Chapter 4 Orthogonality

4.1 Dot Product, Norm, and Euclidean Distance

Definition 4.1 (transpose) Let \(A \in \mathrm{M}_{m,n}(\mathbf{R})\), the transpose of \(A\) is the matrix \(^tA \in \mathrm{M}_{n,m}(\mathbf{R})\) given by

\[ (^tA)_{i,j} = A_{j,i} \]

for all \(1 \leq i \leq n\) and \(1 \leq j \leq m\).

Remark. The transpose corresponds to exchanging the rows with the columns.

Example 4.1 The transpose of a column vector \(X = \begin{bmatrix} X_1 \\ \dots \\ X_n \end{bmatrix}\) is the row vector \(^tX = \begin{bmatrix} X_1, \dots, X_n \end{bmatrix}\).

Example 4.2 The transpose of the matrix

\[ A = \begin{bmatrix} 1 & 0 & 2 \\ 3 & 2 & 1 \end{bmatrix} \] is the matrix

\[ ^tA = \begin{bmatrix} 1 & 3 \\ 0 & 2 \\ 2 & 1 \end{bmatrix}. \]
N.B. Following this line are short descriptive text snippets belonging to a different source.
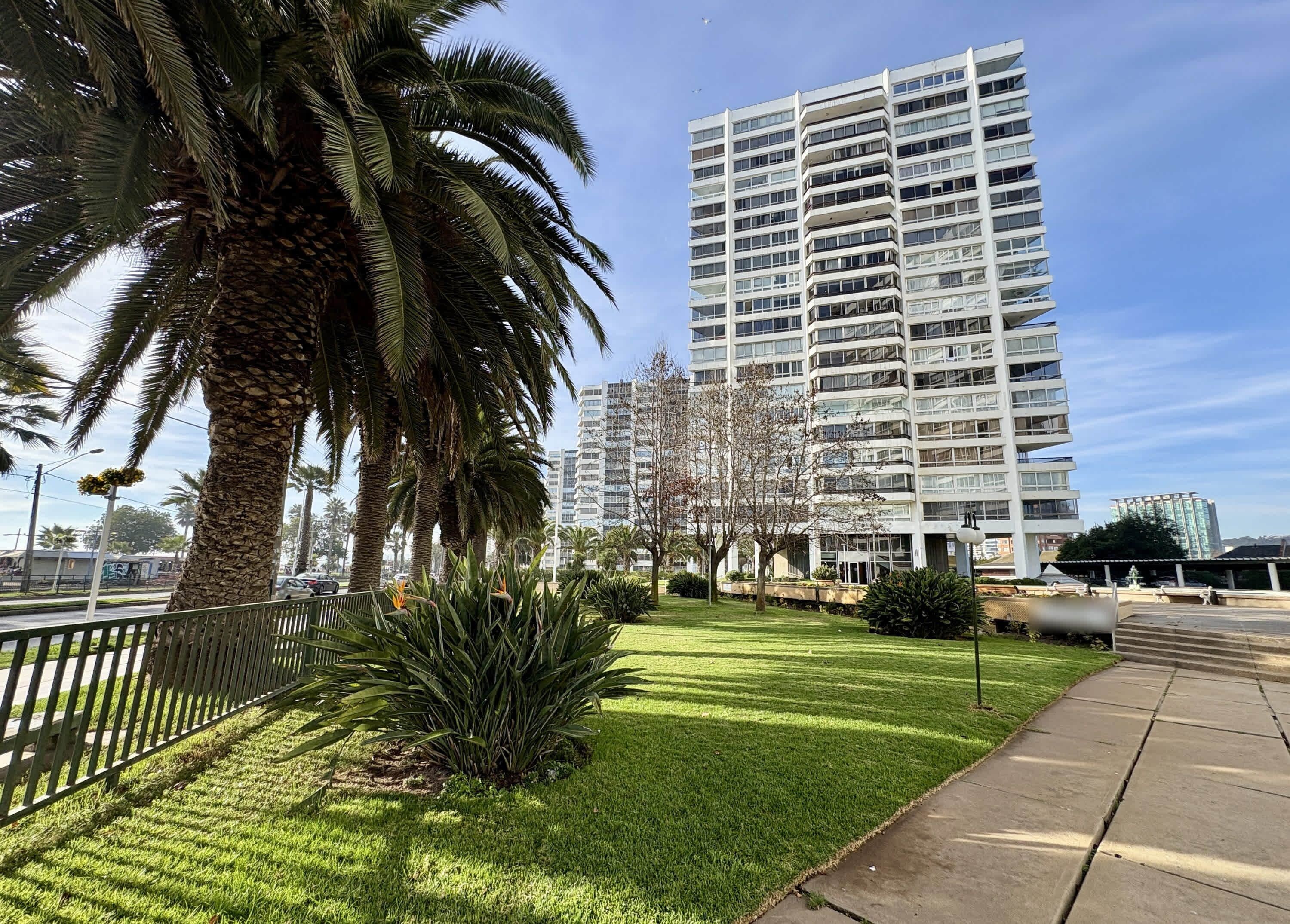 Un edificio moderno con techo plano y varios balcones, rodeado de césped cuidado y palmeras.
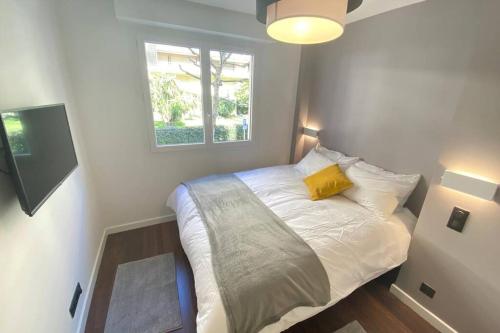 Dormitorio pequeño con cama con almohada amarilla en Renovated 2 bedrooms 50m from the Croisette and the sea, en Cannes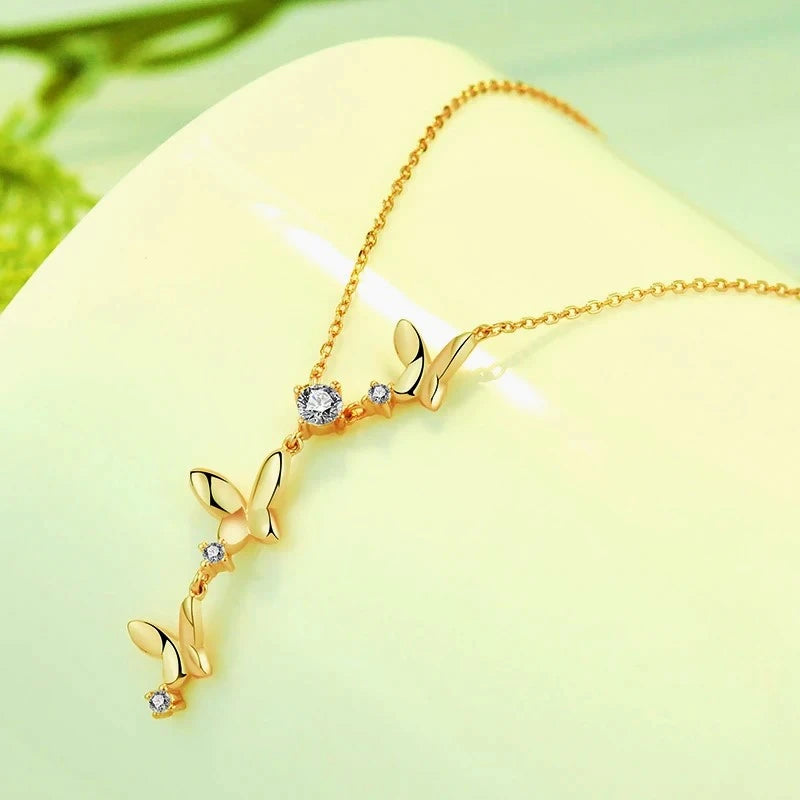 Close-up of the pendant and clasp on the Butterfly Tassel Necklace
Proposition 4.1 If \(A \in \mathrm{M}_{n,m}(\mathbf{K})\) and \(B \in \mathrm{M}_{m,l}(\mathbf{K})\), then \(^t(AB) = (^tB)(^tA)\).

Proof. The coefficient at index \((i,j)\) of \(AB\) is \(\sum_{k=1}^m A_{i,k}B_{k,j}\), so the coefficient at index \((i,j)\) of \(^t(AB)\) is \(\sum_{k=1}^m A_{j,k}B_{k,i}\).

The coefficient of \((^tB)(^tA)\) at index \((i,j)\) is

\[\begin{align*} \sum_{k=1}^m (^tB)_{i,k} (^tA)_{k,j} &= \sum_{k=1}^m B_{k,i}A_{j,k} \\ &= \sum_{k=1}^m A_{j,k}B_{k,i}. \end{align*}\]

The matrices \(^t(AB)\) and \((^tB)(^tA)\) have the same coefficients, so they are equal.

Definition 4.2 (dot product) Let \(u, v\) be two vectors in \(\mathbf{R}^n\). The dot product of \(u\) and \(v\) is the real number

\[ \langle u, v \rangle = \sum_{i=1}^n u_i v_i \]

where \((u_i)\) and \((v_i)\) are the coordinates of \(u\) and \(v\) in the canonical basis.

Remark. If \(X\) and \(Y\) are column vectors in \(\mathbf{R}^n\), then \(\langle X, Y \rangle\) is identified with the \(1 \times 1\) matrix \(^tXY\).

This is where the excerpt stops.